# Data section
______________________________

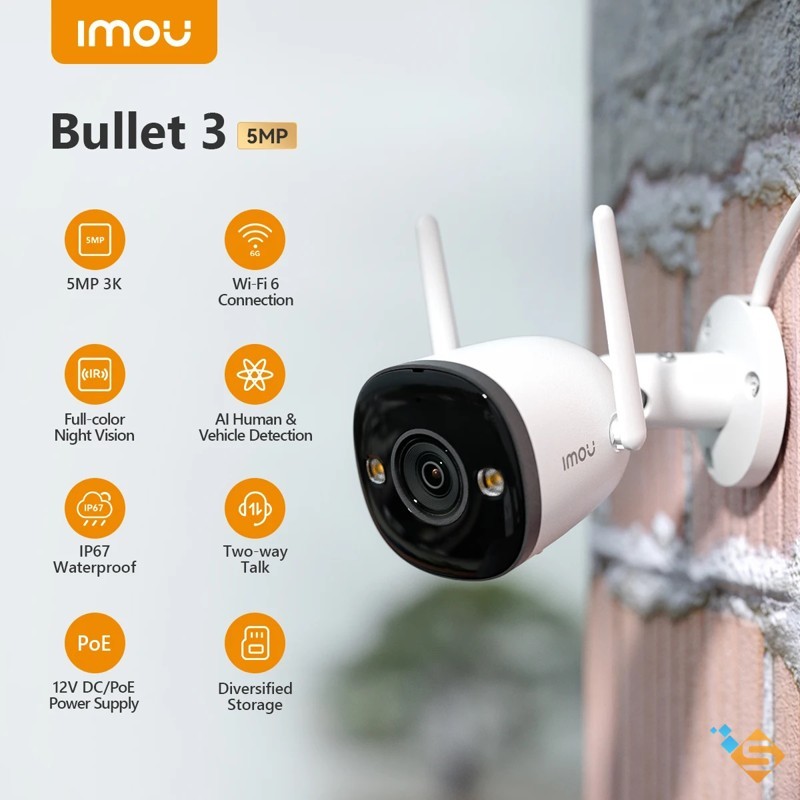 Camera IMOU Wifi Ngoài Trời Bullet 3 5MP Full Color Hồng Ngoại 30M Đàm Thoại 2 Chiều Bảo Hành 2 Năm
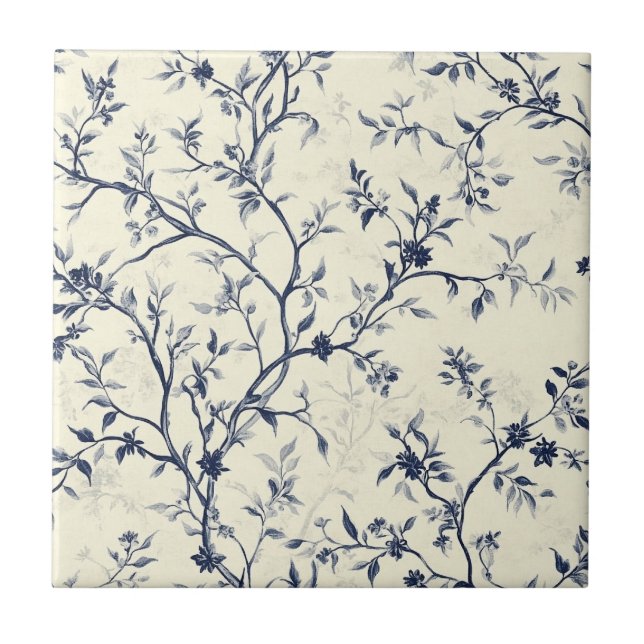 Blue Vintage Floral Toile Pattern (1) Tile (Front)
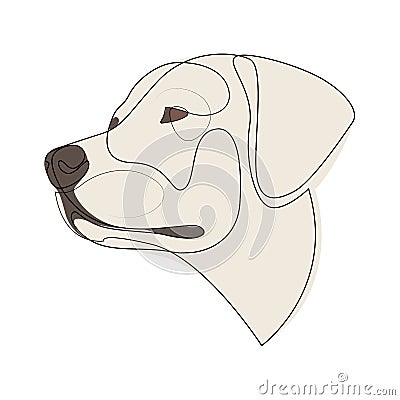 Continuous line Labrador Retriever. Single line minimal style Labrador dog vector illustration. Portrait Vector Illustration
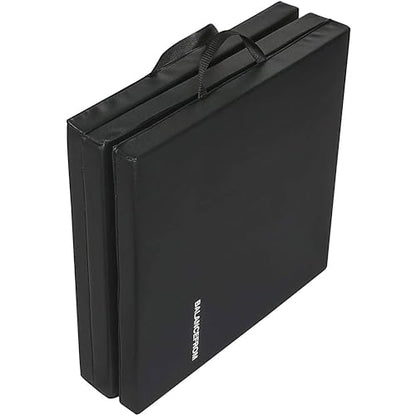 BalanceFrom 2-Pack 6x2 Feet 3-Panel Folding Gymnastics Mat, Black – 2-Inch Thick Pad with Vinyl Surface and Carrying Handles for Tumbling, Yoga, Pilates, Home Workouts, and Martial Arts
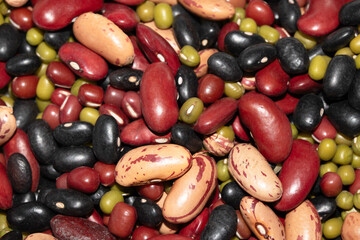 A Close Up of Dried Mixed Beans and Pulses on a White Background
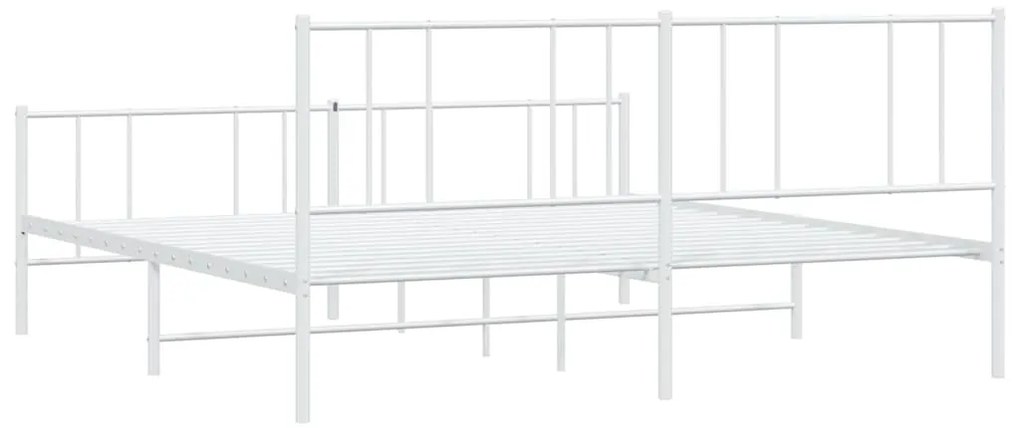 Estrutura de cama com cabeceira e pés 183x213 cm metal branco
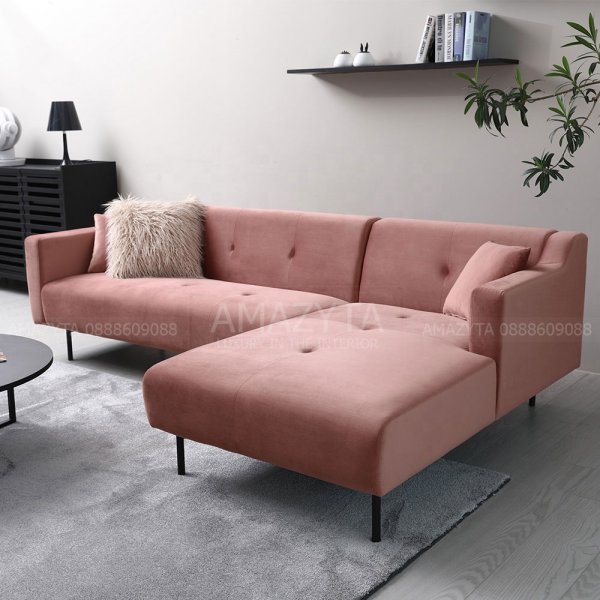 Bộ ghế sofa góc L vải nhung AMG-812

______________________________

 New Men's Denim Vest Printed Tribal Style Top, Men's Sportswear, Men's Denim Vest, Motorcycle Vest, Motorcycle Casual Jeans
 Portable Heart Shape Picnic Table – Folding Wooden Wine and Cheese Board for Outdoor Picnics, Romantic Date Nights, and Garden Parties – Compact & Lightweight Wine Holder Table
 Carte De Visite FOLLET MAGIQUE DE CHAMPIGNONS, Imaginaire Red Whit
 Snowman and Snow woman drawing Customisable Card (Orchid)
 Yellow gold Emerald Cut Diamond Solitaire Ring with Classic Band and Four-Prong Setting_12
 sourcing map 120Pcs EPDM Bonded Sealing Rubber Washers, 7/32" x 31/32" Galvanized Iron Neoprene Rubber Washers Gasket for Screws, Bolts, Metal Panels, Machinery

______________________________

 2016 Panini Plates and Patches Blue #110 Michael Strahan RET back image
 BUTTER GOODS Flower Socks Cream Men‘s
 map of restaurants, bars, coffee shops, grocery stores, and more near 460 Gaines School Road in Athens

______________________________

# Activity
Above are some entries; copy exactly the lines from the line with "Blue Vintage Floral" through the line with "Continuous line Labrador", both included, but none of the pictures.

# Result for this exercise
 Blue Vintage Floral Toile Pattern (1) Tile (Front)
 Continuous line Labrador Retriever. Single line minimal style Labrador dog vector illustration. Portrait Vector Illustration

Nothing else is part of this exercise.